Great start to the week as the guy from the electric company -- not my pal Lutz, whom I wrote about earlier, unfortunately, but another guy with such a thick Berlinisch accent I could barely understand him, and a rough no-bullshit demeanor -- showed up first thing yesterday morning and presented me with a demand for €368.26, which includes a fee of €42.55 for his visit. This all has to be paid before 8am on Thursday or they'll shut off my power. I know they'll do this because no sooner had I sat down with my morning coffee and started trying to puzzle this out than the doorbell rang again and the guy was back. "This has nothing to do with you," he said, "but do you know Mosig on the third floor? Is he ever around?" I'm not sure whether Mosig is the hawk-faced looking guy with the really bad toupee or the gangly 40-ish surfer dude. But one of the first rules of Berlin is never tell the bastards anything, so I said I had no idea. "Do you have a key to the cellar? I have to shut him off if he's not going to answer his door." I told the guy I didn't -- a lie -- and referred him to the Hausmeister across the way. Another lucky thing: I can't pronounce the odd Slavic name our Hausmeister has, nor do I know his first name (although we're on first-name terms).

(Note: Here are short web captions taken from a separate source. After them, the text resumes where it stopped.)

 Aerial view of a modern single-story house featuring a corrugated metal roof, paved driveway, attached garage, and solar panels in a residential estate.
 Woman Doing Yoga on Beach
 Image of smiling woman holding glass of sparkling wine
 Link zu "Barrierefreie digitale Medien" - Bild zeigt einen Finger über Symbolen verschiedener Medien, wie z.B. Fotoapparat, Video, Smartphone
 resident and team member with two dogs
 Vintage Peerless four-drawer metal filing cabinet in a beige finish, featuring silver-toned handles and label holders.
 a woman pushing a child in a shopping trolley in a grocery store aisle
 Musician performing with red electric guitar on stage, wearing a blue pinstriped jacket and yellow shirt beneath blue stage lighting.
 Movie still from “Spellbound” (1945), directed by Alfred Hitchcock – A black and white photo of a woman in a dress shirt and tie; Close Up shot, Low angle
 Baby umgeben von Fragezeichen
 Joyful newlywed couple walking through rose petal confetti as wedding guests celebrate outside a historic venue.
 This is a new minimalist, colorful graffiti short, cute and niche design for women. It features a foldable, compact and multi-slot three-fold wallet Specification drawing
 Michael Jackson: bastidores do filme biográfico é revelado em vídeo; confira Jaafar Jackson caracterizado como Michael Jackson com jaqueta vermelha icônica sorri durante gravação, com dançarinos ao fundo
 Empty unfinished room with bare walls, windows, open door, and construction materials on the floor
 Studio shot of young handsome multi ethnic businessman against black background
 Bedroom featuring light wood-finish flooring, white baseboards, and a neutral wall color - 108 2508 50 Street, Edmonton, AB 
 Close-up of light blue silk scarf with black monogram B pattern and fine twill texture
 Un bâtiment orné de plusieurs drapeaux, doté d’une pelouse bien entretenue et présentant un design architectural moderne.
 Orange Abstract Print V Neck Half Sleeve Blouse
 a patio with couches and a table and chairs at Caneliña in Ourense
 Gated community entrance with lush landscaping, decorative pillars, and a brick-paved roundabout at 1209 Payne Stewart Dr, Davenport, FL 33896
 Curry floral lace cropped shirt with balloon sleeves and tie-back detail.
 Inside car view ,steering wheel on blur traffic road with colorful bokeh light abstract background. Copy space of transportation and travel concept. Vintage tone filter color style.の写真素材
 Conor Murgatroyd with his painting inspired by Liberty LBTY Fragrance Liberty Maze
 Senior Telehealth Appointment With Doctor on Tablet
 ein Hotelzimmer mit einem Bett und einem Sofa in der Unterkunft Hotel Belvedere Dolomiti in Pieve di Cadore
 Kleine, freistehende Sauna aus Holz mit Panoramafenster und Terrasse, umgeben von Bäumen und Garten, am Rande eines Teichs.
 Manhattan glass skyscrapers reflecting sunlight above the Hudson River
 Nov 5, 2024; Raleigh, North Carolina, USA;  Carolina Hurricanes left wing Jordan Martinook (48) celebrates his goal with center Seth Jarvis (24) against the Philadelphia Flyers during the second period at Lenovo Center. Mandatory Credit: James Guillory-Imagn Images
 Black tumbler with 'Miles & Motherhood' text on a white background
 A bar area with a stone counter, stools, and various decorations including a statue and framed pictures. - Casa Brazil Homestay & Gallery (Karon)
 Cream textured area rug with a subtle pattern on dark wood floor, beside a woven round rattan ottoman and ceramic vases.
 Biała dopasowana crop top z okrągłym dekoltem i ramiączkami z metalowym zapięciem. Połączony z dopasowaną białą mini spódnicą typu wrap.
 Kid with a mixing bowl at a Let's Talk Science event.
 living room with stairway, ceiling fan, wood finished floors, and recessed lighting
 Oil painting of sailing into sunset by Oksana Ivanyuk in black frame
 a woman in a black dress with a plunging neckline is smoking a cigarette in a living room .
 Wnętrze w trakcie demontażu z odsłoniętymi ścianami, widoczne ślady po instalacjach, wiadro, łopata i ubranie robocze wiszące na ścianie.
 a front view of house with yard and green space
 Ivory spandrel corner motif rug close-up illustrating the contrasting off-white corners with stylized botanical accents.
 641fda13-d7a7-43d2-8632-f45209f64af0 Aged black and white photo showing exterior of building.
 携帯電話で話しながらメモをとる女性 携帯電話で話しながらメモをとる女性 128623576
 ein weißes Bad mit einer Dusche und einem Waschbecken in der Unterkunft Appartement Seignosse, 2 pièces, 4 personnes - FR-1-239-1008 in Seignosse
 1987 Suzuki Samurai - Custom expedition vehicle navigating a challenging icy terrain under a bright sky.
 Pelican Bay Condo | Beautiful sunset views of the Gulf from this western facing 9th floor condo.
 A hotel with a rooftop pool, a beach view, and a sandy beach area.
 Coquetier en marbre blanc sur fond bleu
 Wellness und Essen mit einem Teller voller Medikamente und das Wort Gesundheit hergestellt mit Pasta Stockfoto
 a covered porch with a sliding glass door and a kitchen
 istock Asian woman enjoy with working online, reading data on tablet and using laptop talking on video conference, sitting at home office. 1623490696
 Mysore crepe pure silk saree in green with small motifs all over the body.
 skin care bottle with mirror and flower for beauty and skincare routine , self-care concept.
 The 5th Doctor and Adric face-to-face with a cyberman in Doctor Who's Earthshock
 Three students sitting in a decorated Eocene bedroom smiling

Now, as I sat last night, reading by an electric light-bulb, I realized that if the power goes, so does my ability to cook, wash, read, and use the computer. Clearly, I cannot do without electricity. But the guy had just picked a bad time to come see me: It was still 4th of July weekend in America, and although I've got more than enough on the way to pay the electric bill (as well as to hack away a bit at my 10-months-overdue rent), I won't be able to reach anyone in the States for another couple of hours, and today is almost gone. This leaves me with Wednesday, tomorrow, to get all of this done: maybe find a little money somewhere, negotiate with the power company (which involves a long, long hike, but at least, unlike the phone company, you can negotiate with them), and -- oh, yes -- I have a couple of articles due.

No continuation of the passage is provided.